We confront access and pressure together with parents
Reports from the Aspen Institute and others show that cost and access are major barriers for lower-income families, while pressure and culture are major issues across all income levels. Brooklyn Speed & Power addresses this by:
Keeping our program local and community-based so families aren’t forced into constant travel.
Offering financial assistance and making gear requirements as simple and affordable as possible.
Running parent education sessions on realistic expectations, mental health, and how to support kids’ autonomy.
In practice, that means we invite parents into conversations, rather than trying to “fix” kids in isolation. Family systems research consistently shows that when parents adjust their expectations and communication, kids’ stress and burnout risk drop significantly.
What this means for your family
If your child has started saying, “I don’t know if I want to do sports anymore,” you’re not alone.
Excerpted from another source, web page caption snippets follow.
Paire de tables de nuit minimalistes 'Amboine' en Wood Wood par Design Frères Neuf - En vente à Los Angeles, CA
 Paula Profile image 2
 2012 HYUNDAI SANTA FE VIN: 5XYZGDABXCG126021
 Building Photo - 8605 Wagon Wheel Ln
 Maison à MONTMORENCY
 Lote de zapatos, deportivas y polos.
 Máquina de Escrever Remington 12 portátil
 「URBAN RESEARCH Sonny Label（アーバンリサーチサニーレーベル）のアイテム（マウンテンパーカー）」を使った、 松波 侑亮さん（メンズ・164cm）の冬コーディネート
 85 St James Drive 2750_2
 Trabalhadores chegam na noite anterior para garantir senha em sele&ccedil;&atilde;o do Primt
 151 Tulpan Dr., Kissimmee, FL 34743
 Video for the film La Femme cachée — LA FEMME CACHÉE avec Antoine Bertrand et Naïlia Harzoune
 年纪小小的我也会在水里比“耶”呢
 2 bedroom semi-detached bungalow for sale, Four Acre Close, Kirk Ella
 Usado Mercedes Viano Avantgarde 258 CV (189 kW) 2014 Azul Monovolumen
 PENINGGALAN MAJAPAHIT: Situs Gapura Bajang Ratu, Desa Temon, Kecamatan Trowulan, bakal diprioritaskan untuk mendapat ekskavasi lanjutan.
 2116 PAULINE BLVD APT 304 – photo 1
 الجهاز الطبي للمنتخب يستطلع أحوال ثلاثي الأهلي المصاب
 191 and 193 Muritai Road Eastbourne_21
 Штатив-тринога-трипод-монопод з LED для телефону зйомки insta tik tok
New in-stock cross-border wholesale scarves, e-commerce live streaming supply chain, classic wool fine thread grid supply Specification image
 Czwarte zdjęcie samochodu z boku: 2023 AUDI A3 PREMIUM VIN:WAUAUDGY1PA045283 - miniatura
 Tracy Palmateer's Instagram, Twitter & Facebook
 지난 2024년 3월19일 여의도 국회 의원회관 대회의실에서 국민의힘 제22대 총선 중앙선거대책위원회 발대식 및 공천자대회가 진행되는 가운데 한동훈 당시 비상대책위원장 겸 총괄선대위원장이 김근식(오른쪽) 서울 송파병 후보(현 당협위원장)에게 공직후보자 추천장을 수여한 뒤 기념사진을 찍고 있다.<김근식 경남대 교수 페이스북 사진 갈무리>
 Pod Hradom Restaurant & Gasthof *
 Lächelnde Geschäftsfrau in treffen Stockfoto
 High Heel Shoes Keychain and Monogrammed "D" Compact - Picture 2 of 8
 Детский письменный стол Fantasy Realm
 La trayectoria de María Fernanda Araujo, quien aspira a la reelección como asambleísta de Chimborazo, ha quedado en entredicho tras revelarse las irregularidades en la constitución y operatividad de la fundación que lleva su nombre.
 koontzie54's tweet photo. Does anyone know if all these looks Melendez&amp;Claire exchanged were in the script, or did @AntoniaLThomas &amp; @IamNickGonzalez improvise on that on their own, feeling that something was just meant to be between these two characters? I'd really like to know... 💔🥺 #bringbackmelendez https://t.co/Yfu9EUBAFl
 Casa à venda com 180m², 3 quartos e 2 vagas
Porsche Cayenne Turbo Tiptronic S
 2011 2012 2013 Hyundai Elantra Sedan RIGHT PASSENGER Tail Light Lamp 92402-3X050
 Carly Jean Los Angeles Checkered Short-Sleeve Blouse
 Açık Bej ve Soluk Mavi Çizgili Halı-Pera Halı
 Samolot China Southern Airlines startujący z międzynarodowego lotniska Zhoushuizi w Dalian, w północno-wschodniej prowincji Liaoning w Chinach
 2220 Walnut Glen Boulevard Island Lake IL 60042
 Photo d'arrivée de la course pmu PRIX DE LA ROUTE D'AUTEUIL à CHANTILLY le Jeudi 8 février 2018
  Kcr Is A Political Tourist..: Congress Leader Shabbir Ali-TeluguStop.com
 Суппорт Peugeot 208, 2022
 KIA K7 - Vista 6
The data tells us that quitting is common; the deeper story tells us why, and it’s rarely about laziness or screens.
At Brooklyn Speed & Power, we believe the solution is not to push harder but to design smarter:
Give kids agency.
Focus on skill and confidence, not just outcomes.
Support their bodies with smart training and rest.
Support their minds with a culture that values who they are more than how they perform.
If you’re seeing early signs of burnout or you just want a healthier sports experience for your child, you’re exactly who we built Brooklyn Speed & Power for.